Since last February, and this is what brings me to you, I have also started to work as project planner for the North Karelian ELY-keskus (the regional arm of the Finnish Ministry of the Environment), where, together with Vilma Lehtovaara (the coordinator of the North Karelian Biosphere Reserve), I have been in charge of the development and implementations of activities that support the visibility of the Biokarelia CBC project. In collaboration with our different project partners (Luke, Arbonaut Oy, the Karelian Research Centre), the main objective of the project was originally to foster and strengthen cross border scientific cooperation between Finland and Russia on issues seen as critical in a global context of climate change, increasing forest fire risk and biodiversity loss. These include the connectivity assessment of high conservation value habitats, better knowledge sharing on biodiversity, and the development of forest fire forecasting tools and techniques, such as recently discussed in a series of YouTube webinars (


Well, that was until the war in Ukraine broke out.

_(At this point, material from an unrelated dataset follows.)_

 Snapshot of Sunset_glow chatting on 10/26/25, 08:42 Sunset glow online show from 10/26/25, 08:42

Now that the collaborative part with Russia has come to an end, the Biokarelia project was forced to shift its focus towards the Finnish territory only, which slightly modified my original tasks. Although still concentrating on similar issues as before, I have been interested in the writing and planning of a short movie project on the modern and future challenges of fire management in Finnish forests. Although forest fires have always been a part of the natural cycle of the boreal forest allowing a rich and specialised biodiversity to develop, predicted changes in their occurrences, severity and extent, as the climate is warming up, will likely have consequences on the way their ecological benefits will be perceived and accepted by the society and how new tools and techniques will play a role in mitigating those risks. Still in the making, this movie project has benefited from many inspiring and expert North Karelian collaborations for the recording and editing (Korpipaja, Marko Haapalehto/Metsähallitus), interviewing (Kaisa Junninen/Metsähallitus, Evgeny Lopatin/Luke, Tuomo Puumalainen/Arbonaut, Mika Viertola/ Pohjois-Karjalan Pelastuslaitos) and voice-over (Adam Lerch). When (soon) ready, it will offer a good visibility to the Biokarelia project and its practical implications.

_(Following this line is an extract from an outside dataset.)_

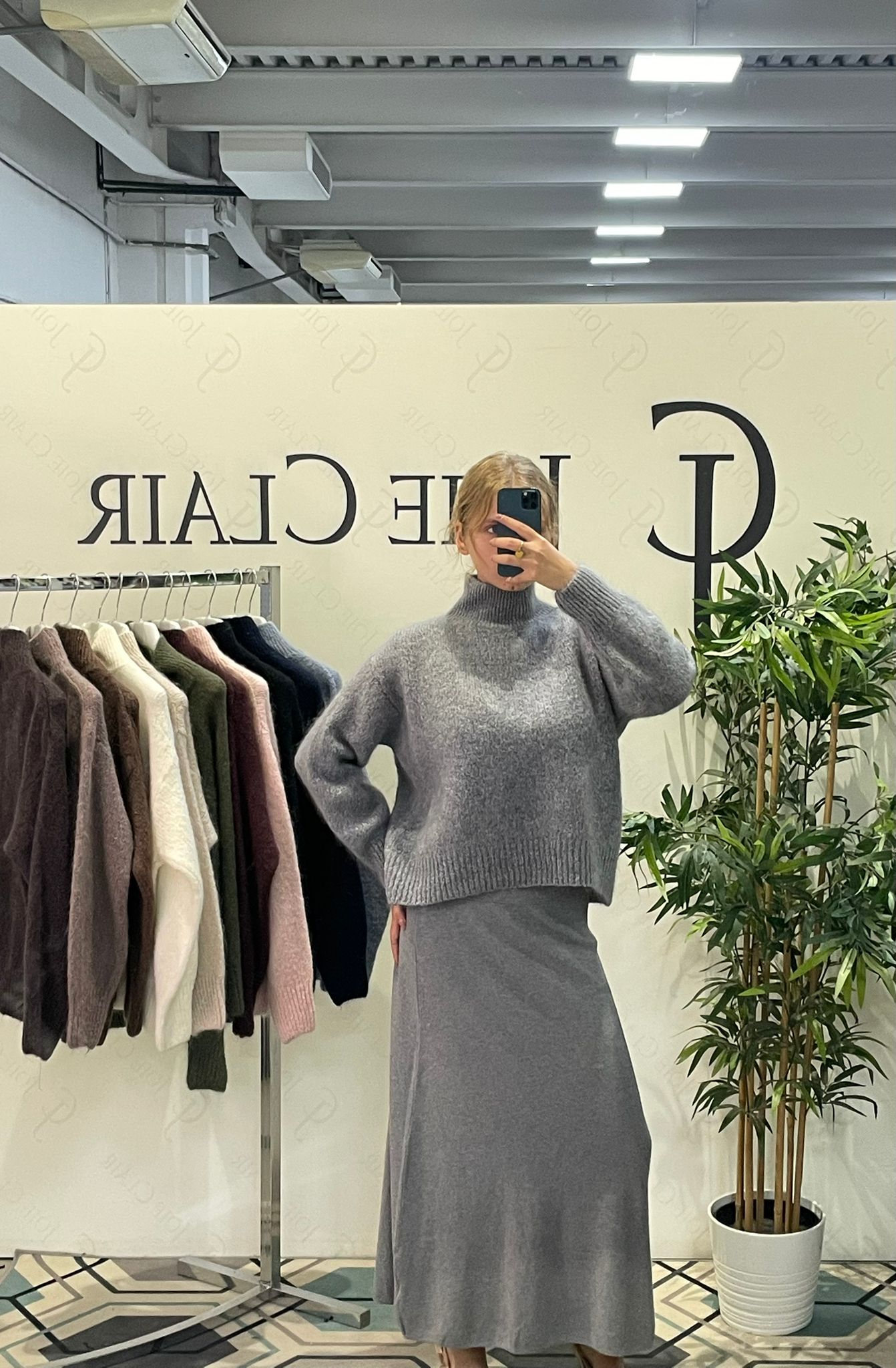 Фото Joie Clair (J-Clair)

Another task that has taken much of my time over the recent months has been (and still is) the planning and building up of an internet platform that will help researchers and students working on biodiversity in Finland to better know each other and boost their own collaboration research network. It will also help them to find study and funding opportunities specifically dealing with biodiversity more easily, get acquainted with upcoming events on the topic, and become inspired by successful conservation and restoration stories. Depending on how successful the new platform will eventually turn out to be (let us see what the future will bring), the network could then be potentially expanded towards the other Nordic countries, if the funding allows it. Nature knows no border and its conservation, as well as its overall understanding can only benefit from international cooperation.


Finally, and as a nature photographer in my free time, I would like to conclude by sharing with you my own thoughts, regarding wild natural places such as found within the North Karelian Biosphere Reserve. Based on my own experience, heading to remote and pristine places, genuine biodiversity hotspots in modern forest landscapes, is certainly a rare and privileged moment in life but I would like to add that it also demands from potential visitors a special personal attitude and a certain level of ecological awareness. For example, curiosity (to be able to perceive and be astonished by the natural wonders around you), humility (to accept that nature is self-sustaining and can also function very well by itself), quietness (to reflect on and fully immerse yourself in your surroundings), patience (if you are after observing interesting wildlife) and responsibility (to understand that outdoor activities can also have negative consequences for sensitive species such as the large predators or the forest reindeer, especially here in eastern Finland). With those words in mind, I wish you all unforgettable memories and enjoyable moments in the North Karelian Biosphere Reserve, regardless of whether you like it by walking, cycling or paddling!